Lucy memutar bola mata, "Sejak awal", ungkap Lucy di sela napasnya.
"Yah, itu tidak penting sekarang", Gray melambaikan tangannya santai lalu duduk lagi di kursi Lucy. Gray meletakkan pipinya di atas tangan sementara sikunya diletakkan di atas meja Lucy.
"Kau belum jawab pertanyaanku. Mana kelanjutan ceritanya?", tanya Gray dan terang-terangan menunjuk naskah di pelukan sang pemilik.
"Kenapa pula aku harus memberitahumu?", Lucy berbalik kesal sehingga punggungnya menghadap Gray.
"Aww, beri tahu saja aku, Luce…", rengek Gray. Lucy melirik si ekshibisionis dan dia tidak tahu kenapa namun dia tidak bisa menolak menjawab.
Menghela napas dalam-dalam, Lucy menjawab dengan murung, "Belum kutulis".
"Belum? Wow, bernarkah?", Gray menaikkan sebelah alis.

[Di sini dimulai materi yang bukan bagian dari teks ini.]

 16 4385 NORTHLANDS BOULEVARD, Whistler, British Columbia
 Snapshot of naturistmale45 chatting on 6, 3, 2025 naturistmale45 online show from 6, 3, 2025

Lucy yang menunda menulis tanpa alasan adalah sesuatu yang sangat baru untuknya.
"Bukannya aku tidak mau. Aku… cuma mendadak tidak bisa saja", ujar Lucy. Gray dapat melihat bahu Lucy perlahan menurun. Dia mengernyit sedikit sembari berusaha mencerna kata-kata Lucy. Dan setelah dia berhasil, cengirannya melebar.
"Oh, jadi kau sedang buntu ide?", tanyanya setengah-geli. Walaupun Lucy membelakanginya, namun Gray bisa tahu kalau Lucy berubah cemberut.
"Menyebalkan tahu", gumam Lucy pelan. Gray harus berusaha keras menahan tawa. Lucy yang sedang cemberut tampak sangat lucu dan imut bagi si penyihir es ini. Tapi dia tahu, tertawa hanya akan memperburuk keadaan. Siapa tahu Lucy takkan segan-segan membunuhnya secara brutal karena tertawa. Meskipun demikian, Gray membiarkan cengiran lain terukir di wajahnya.
"Oh, jadi karena itu kau menguarkan aura suram di guild dan bahkan terkadang bertindak menyebalkan belakangan ini?", goda Gray sehingga Lucy berputar menghadapinya dengan marah.
"Aku tidak menyebalkan!", bentaknya kesal. Tapi Gray malah meledak tertawa.
"Benar, kok".
"Tidak!".
"Ya".
"Tidak!".
"Yup".
"TERSERAH!", teriak Lucy pada akhirnya. Gray menyeringai penuh kemenangan. Lucy berjalan sambil menghentakkan kaki dan dengan marah membanting kumpulan naskahnya di atas meja.
Gray kan sudah membaca semuanya, jadi apa gunanya berusaha menyembunyikan naskahku dari Gray?
"Sekarang tuan, tolong keluar dari kamarku karena aku mau ganti baju!", perintah Lucy sambil berdiri bertolak pinggang. Gray tidak bergerak sedikitpun dan malah berpura-pura mendengar Lucy sama sekali. Dia hanya ingin menggoda Lucy dan… memang berhasil.
"GRAY!"
"Hei, kenapa kau bisa buntu ide seperti ini? Mungkin aku bisa sedikit membantu", tanya Gray santai dan memberikan senyum tulus (palsu) miliknya pada sang penyihir roh bintang yang tengah luar biasa marahnya. Lucy mendengus kesal.
"Bagaimana bisa kau membantu sementara semua yang kau lakukan padaku hanya bisa membuatku kesal", kata Lucy ketus seraya melipat kedua lengan di dada.
"Oh, aku yakin aku bisa. Aku ini pandai berciuman, kau tahu?", Gray mengedip dan Lucy mengerjap. Gray dengan sengaja memberi tekanan pada kata 'berciuman'.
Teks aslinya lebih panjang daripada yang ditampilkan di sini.